Court File and Parties
COURT FILE NO.: CV-18-598709 DATE: 20200225 SUPERIOR COURT OF JUSTICE – ONTARIO
RE: NASIRALLI AMLANI and NASIMBANOO AMLANI AND: YORK CONDOMINIUM CORPORATION NO. 473
BEFORE: Koehnen J.
COUNSEL: Rodrique Escayola, David Plotkin, for the applicants Jonathan Fine for the respondent
Costs Endorsement
[1] The applicants seek costs of $91,250 including disbursements and HST arising out of my reasons in Amlani v. York Condominium Corporation No. 473, 2020 ONSC 194. They calculate their costs on a partial indemnity scale to the date of their first offer to settle on February 23, 2018 ($3,375) and on a substantial indemnity scale thereafter ($68,901), plus disbursements ($9,578) and HST ($9,396).
[2] The applicants point out that they were entirely successful in the dispute, that I made findings of oppression against the respondents, that the Corporation would have claimed full indemnification pursuant to s. 134 (5) of the Condominium Act, 1998, S.O. 1998, c. 19 and that the applicants’ costs are in line with the respondent’s costs.
[3] The respondent objects and submits that the appropriate level of cost should be $44,134.20 on a partial indemnity scale plus disbursements of $6,765.97.
[4] The respondent’s first proposed reduction in costs reflects $7,000 on account of costs incurred before the litigation was commenced. I agree with the respondent in this regard. I do not have authority to award costs for fees incurred before litigation was commenced: Galler v. Ecom Corp., 2007 CarswellOnt 8056 at paras. 12-13. As a result, the applicants cost request should be reduced by a total of $7,910 to reflect pre-litigation costs plus HST which are not recoverable in this proceeding.
[5] Second, the respondent submits that it should not be required to reimburse the applicants for the cost of their lawyers travel to and from Ottawa or their accommodation costs in Toronto. These disbursements total $2,812.47. I disagree.

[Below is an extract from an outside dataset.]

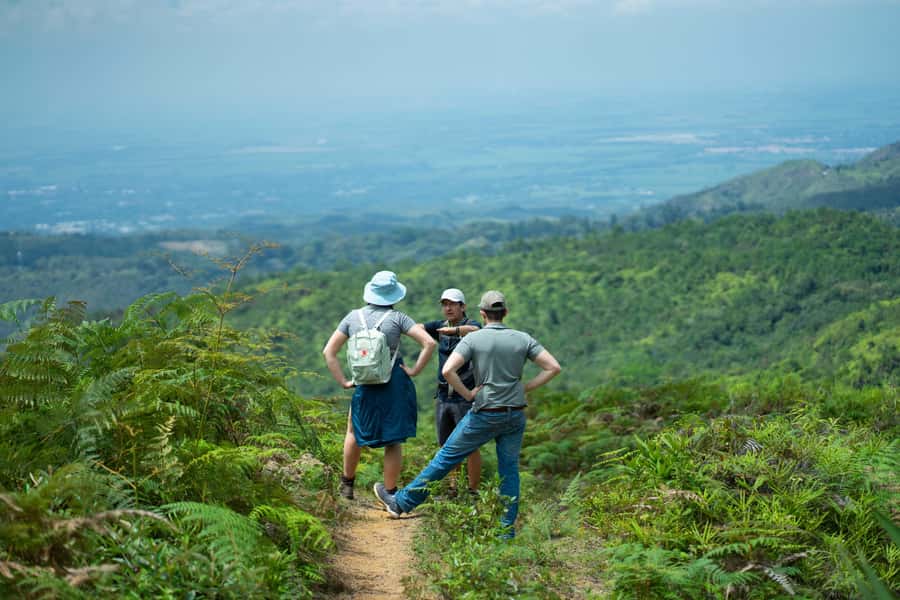 Cali: Hiking to the Pance waterfalls - Lunch with a regional touch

[6] The applicants are entitled to make reasonable choices about their counsel. The counsel they chose were specialists in condominium law. They practice out of Ottawa. As a general rule, lawyers’ fees in Ottawa are lower than those in Toronto. Once I subtract the $7,000 in pre-litigation fees from the cost request of the applicants, their costs come to $65,276. The travel and accommodation costs come to approximately 4.3% of those legal fees. I am comfortable that had the applicants chosen equally experienced Toronto counsel, from a similarly situated firm, their legal costs would have been more than 4.3% higher than they actually were.

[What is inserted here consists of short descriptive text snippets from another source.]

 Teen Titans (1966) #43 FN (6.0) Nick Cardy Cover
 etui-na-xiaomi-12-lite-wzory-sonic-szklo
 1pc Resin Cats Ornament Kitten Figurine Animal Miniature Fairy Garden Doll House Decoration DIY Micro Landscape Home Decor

[7] The respondent objects to substantial indemnity costs on the basis that the settlement offers that the applicants use to trigger the claim for a higher scale of costs were pre-litigation offers to settle. The respondent submits that an offer that is not technically compliant with Rule 49 of the Rules of Civil Procedure does not attract the favourable cost consequences of the rule: Craig v CEO Global Network Inc., 2019 ONSC 4509 at paras. 7, 9 and 10.
[8] While I agree with that submission, it does not end the analysis. Pre-litigation settlement offers continue to be relevant to the consideration of a cost award at the end of litigation because they can demonstrate whether a party was acting reasonably from the outset: Newlands Estate, 2018 ONSC 2952 at para. 24.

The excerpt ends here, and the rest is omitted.